Having a bad month, indeed. First it was this MOOC on “Fundamentals of Online Learning” that, ironically, had to be shut down for reasons involving the failure of online learning technology. Now it’s this course on “Microeconomics for Managers” in which the instructor, Richard McKenzie, walked away from the course. According to the CHE report:

Gary Matkin, the dean for distance education at [UC-Irvine, McKenzie’s home institution], said the problem had stemmed from Mr. McKenzie’s reluctance to loosen his grip on students who he thought were not learning well in the course.

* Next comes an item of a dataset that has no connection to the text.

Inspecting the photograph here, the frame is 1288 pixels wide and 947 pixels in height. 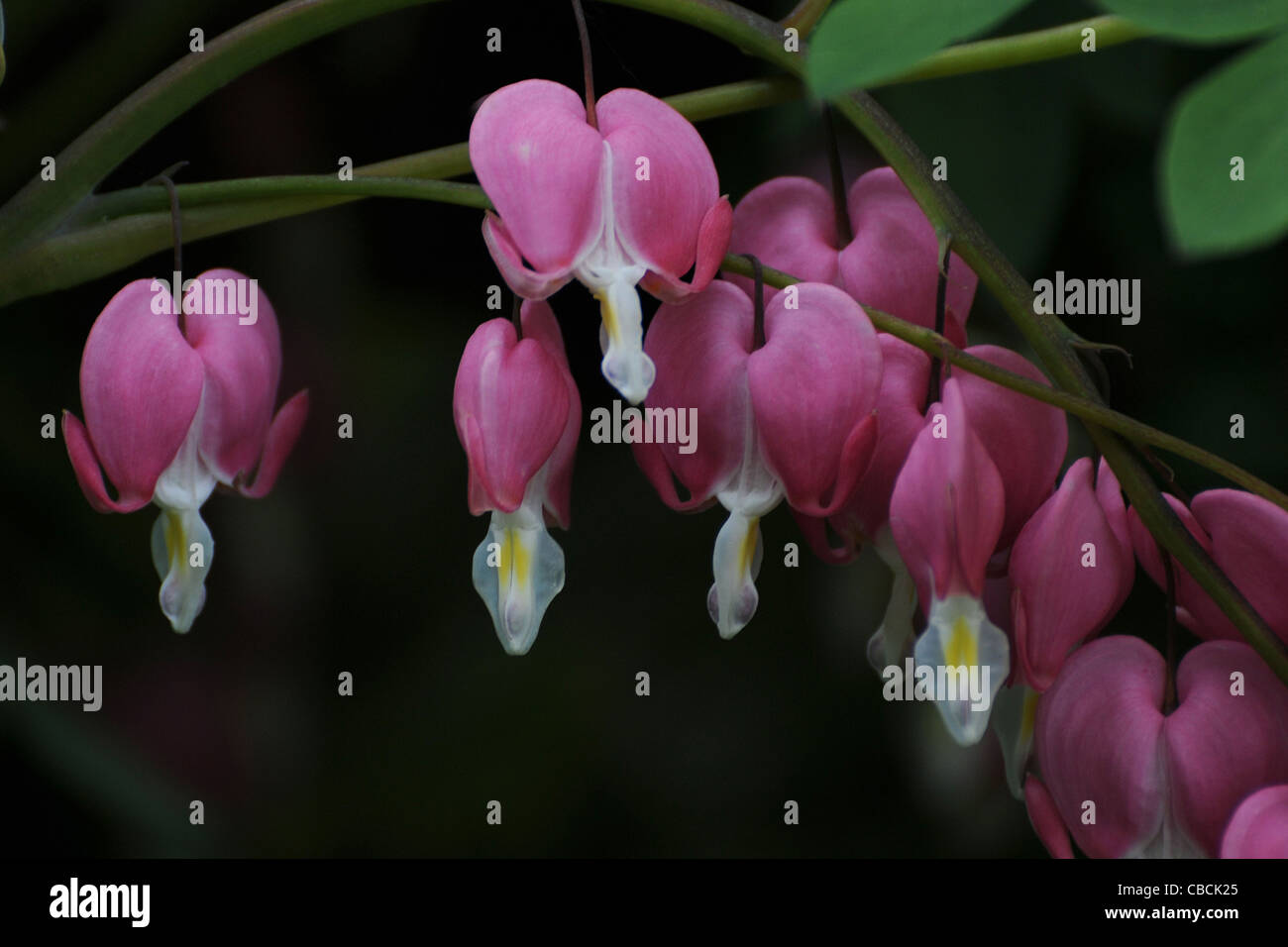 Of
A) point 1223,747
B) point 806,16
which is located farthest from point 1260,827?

“In Professor McKenzie’s view, for instance, uninformed or superfluous responses to the questions posed in the discussion forums hobbled the serious students in their learning,” said Mr. Matkin in an e-mail.

And:

…posts from the professor on the course’s “announcements” page suggest that Mr. McKenzie had spent a great deal of time attempting to respond to student feedback—an effort chronicled in the many addendums on “housekeeping issues” appended to his notes on course content.

The professor apparently had faced criticism from students who objected to his decision to assign a textbook that was not available free. Mr. McKenzie also had heard complaints about how much work he assigned.

“I will not give on standards,” wrote Mr. McKenzie in one post, “and you also should not want me to, or else the value of any ‘certification’ won’t be worth the digits it is written with.”

This Storified collection of tweets from the perspective of a student in the course provides an insider’s view. It’s just one person, but revealing nonetheless.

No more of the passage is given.